Steve adds: "As a journalist you want to make a difference but also make people aware of what is happening."
Steve, a graduate in Zoology from Manchester University, has a life-long love of science and nature, and has exercised this passion in many stories for The Press.
One memorable occasion was when he met David Attenborough at Askham Bog in York. The veteran naturalist spoke out against a development threat to the bog, which dates back 15,000 years.
"Askham Bog is an amazingly biodiverse site with a unique history and there was a plan for a new housing development on nearby Moor Lane," explains Steve. "There was a fear that the development would drain land and dry out Askham Bog. David Attenborough came up here to speak out against it. He said allowing development to go ahead there would be a desecration on a par with building next to York Minster."
Steve has reported on many innovations by scientists at the University of York too - including the York team working on nuclear fusion, a researcher developing facial modelling systems designed to help surgeons rebuild children’s faces after injury, and a team studying pollution in the River Ouse. What impressed him perhaps most of all was the work of the Centre for Novel Agricultural Products (CNAP), where researchers have been developing astonishing techniques to harness the power of plants for everything from making new medicines to sucking pollution out of the ground.
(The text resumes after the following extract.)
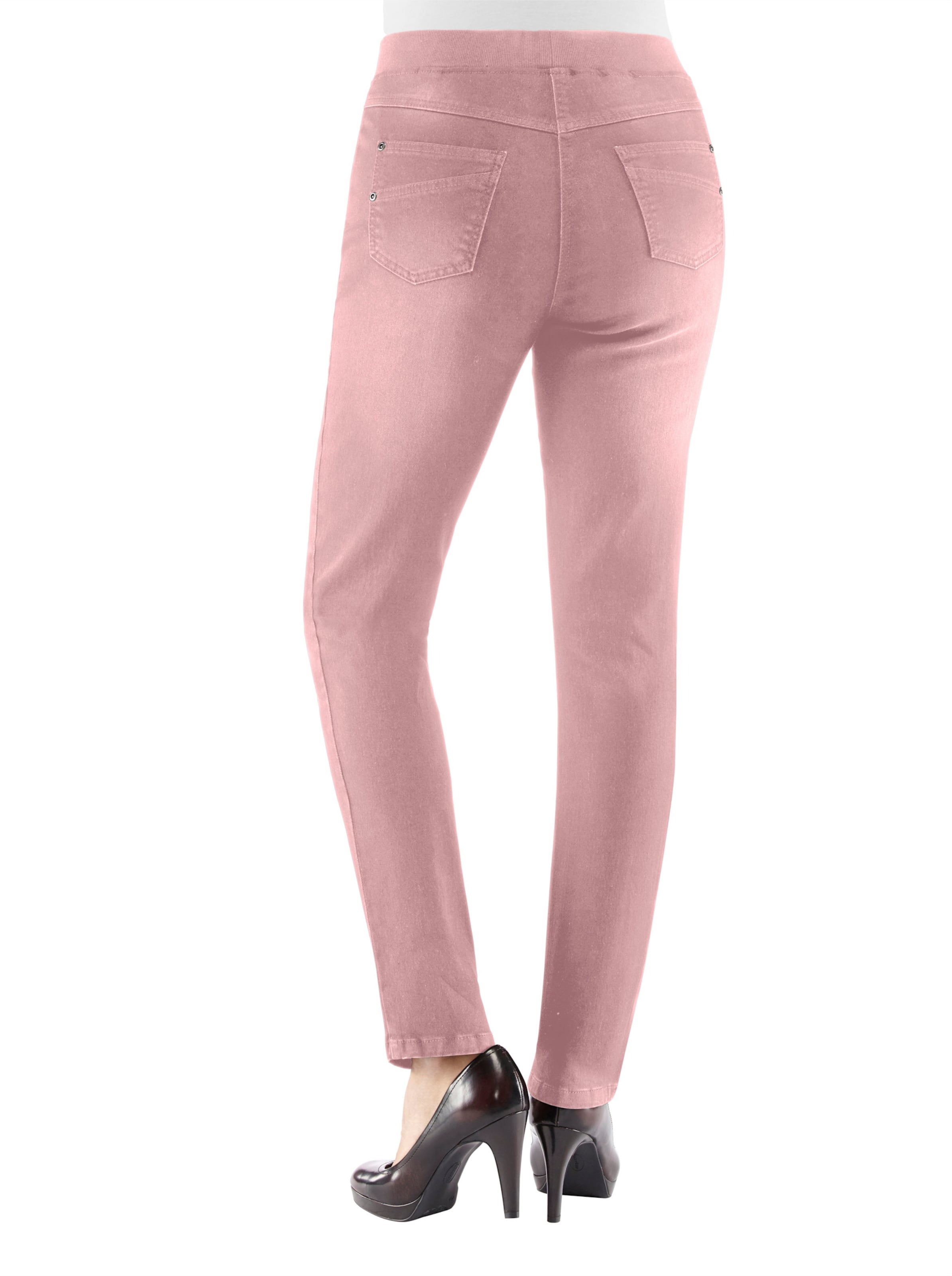 Inspirationen Damen Rosa Schlupfjeans Gr. 54, Normalgrößen, (Rosé), 76% Baumwolle, 22% Polyester, 2% Elasthan, Unifarben, Lang, Jeans Schlupfjeans - Bild 4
Steve has also been making a difference outside of journalism: he was a governor at York Hospital when it first became a foundation trust, and also a board member of York Civic Trust where he helped produce four education packs on York history for primary school children. He also co-wrote (with Ron Cooke, Darrell Buttery and Chris Shepherd) a book, Streets of York, which raised £70,000 for local charities.
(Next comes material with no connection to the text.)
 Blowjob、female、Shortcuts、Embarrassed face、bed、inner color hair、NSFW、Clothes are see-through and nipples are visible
On retiring Steve hopes to travel more, do some voluntary work, and "get my garden under control".
Looking back at his long career, he has witnessed many changes in the newspaper industry; today, we have fewer staff and tell stories in new ways, not least through social media.
But he hopes - and believes - journalists and The Press will continue for many years.
"Journalism will survive in some form. It is going through a process of change but it will find a way to keep going because it matters so much to local communities.
"It's really important you have professional journalism and not just social media.
"There is no code of practice or conduct for social media.
"We need reliable sources of news provided under a code of conduct and to a set of standards."
Ultimately, being a local journalist has been a privilege, he adds.
"And being a features writer was the best role for me. News is all about the sensational, the unusual, the extremes, but it doesn't really paint a picture of what everyday life in a community is like.
"I liked looking at more of the ordinary things going on, from villagers keeping their local Sunday church service going to communities rallying around to try to keep their pub open. Being a feature writer gave me the chance to do that. It’s been wonderful."